A esa altura, cuando Gabo ya había perdido la capacidad de discernir si valía la pena sacar a la luz la quinta versión (“Gran OK final”) de En agosto nos vemos, lo que evidentemente recordaba entre tantos olvidos era la música. Vaya sino: le pone a su protagonista el nombre de una soprano alemana, esposa de uno de sus compositores favoritos -Ana Magdalena Bach la llama- y la manda en consecutivos 16 de agosto a una isla sin nombre a visitar la tumba de su madre como principal excusa para narrar una sucesión de aventuras extramatrimoniales que siempre parten, entre ginebras, de una pista de baile. Según lo que toque la orquesta cada velada de conquista tendrá su banda de sonido: tandas de valses (puede ser El emperador, de Strauss) o de salsas, una presentación de la cubana Elena Burke, un trío especializado en canciones de Los Panchos o el Claro de luna de Debussy, que aparece en el comienzo y vuelve al final. Sobre gustos no hay nada escrito: se supone que el saxo de Fausto Papetti subiría la temperatura de una escena erótica en un auto.

Es un aliciente pensar que con estos capítulos sobre las excursiones de la señora Bach -no la mujer del compositor de las Suites para chelo, que el colombiano tanto disfrutaba, sino la amante caribeña-, García Márquez estaba queriendo rendirle un homenaje a otra de sus queridas bellas artes. Tiene asidero: “¡Cómo me gustará la música que no puedo escribir oyendo música, porque le pongo más atención que a lo que estoy escribiendo!”, decía en una entrevista en los años 80. Fue un confeso melómano sin prejuicios de clase.
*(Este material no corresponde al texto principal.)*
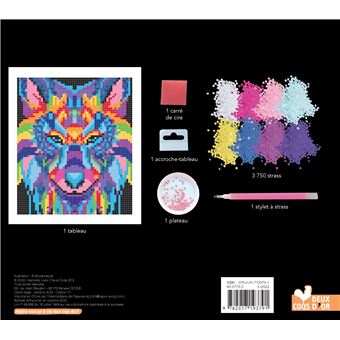 Tableau mini strass loup - boîte avec accessoires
Tuvo tanto el proyecto de hacer tándem con Armando Manzanero para un long play de boleros, como la peregrina idea de escribir un concierto para triángulo y orquesta, en un acto de justicia al ninguneado instrumento de percusión.

En En Agosto nos vemos, Ana Magdalena Bach habría querido tocar la trompeta, pero no pudo. Su marido –como ella, hijo de músicos y director de orquesta-, está escribiendo un manual sobre Mozart y Schubert, y da talleres experimentales en el conservatorio provincial que tiene a su cargo. El hijo de ambos, un chelista de veintidós años aplaudido nada menos que por Rostropóvich, acaba de convertirse en solista de la Orquesta Sinfónica Nacional (o de la filarmónica, no se pone de acuerdo en eso). Todos en la familia saben cantar, incluida la hija, que va para monja… pero tenía un noviecito virtuoso del jazz. La música está a cada vuelta de página. En las escenas íntimas del matrimonio, que tendría todo para parecer perfecto si no fuera por las escapadas a la isla que son el centro de la novela, Doménico entona bajo la ducha el Concierto para piano de Grieg. Más adelante, confiesa entre solfeos una vieja infidelidad con una violinista china durante un Festival Wagner en Nueva York. Una noche, se lleva a la cama la partitura de la ópera Così fan tutte, aunque es sabido lo que el escritor pensaba del compositor. “Me asaltó la idea perversa de que Mozart no existe, porque cuando es bueno es Beethoven y cuando es malo es Haydn”. Por supuesto, no faltan los cameos de Béla Bartók. Hace un tiempo, cuando Gabo vivía, unos estudiosos detectaron que El otoño del patriarca tiene una estructura equivalente a la del Concierto Nº 3 para piano. El Nobel se asustó cuando se lo dijeron: no había escuchado otra cosa más que Bártok durante todo el tiempo que le tomó escribir –aquella sí– una de sus novelas más célebres.